## [YOUR TASK]
For the entries below, print exactly the lines between the line holding "Stylish Near &" and the line holding "Demo-Tolak-donald-trump", inclusive, and nothing else.

## [EXERCISE DATA]

┄┄┄┄┄┄┄┄┄┄┄┄┄┄┄┄┄┄┄┄

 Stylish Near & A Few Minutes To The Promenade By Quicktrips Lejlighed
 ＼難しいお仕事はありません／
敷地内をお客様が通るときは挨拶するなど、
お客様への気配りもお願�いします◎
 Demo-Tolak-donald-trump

┄┄┄┄┄┄┄┄┄┄┄┄┄┄┄┄┄┄┄┄

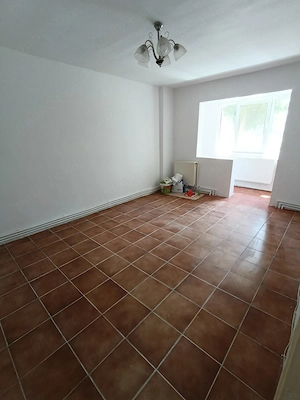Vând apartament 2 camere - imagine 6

┄┄┄┄┄┄┄┄┄┄┄┄┄┄┄┄┄┄┄┄

## [REPLY TO THE EXERCISE]
 Stylish Near & A Few Minutes To The Promenade By Quicktrips Lejlighed
 ＼難しいお仕事はありません／
敷地内をお客様が通るときは挨拶するなど、
お客様への気配りもお願�いします◎
 Demo-Tolak-donald-trump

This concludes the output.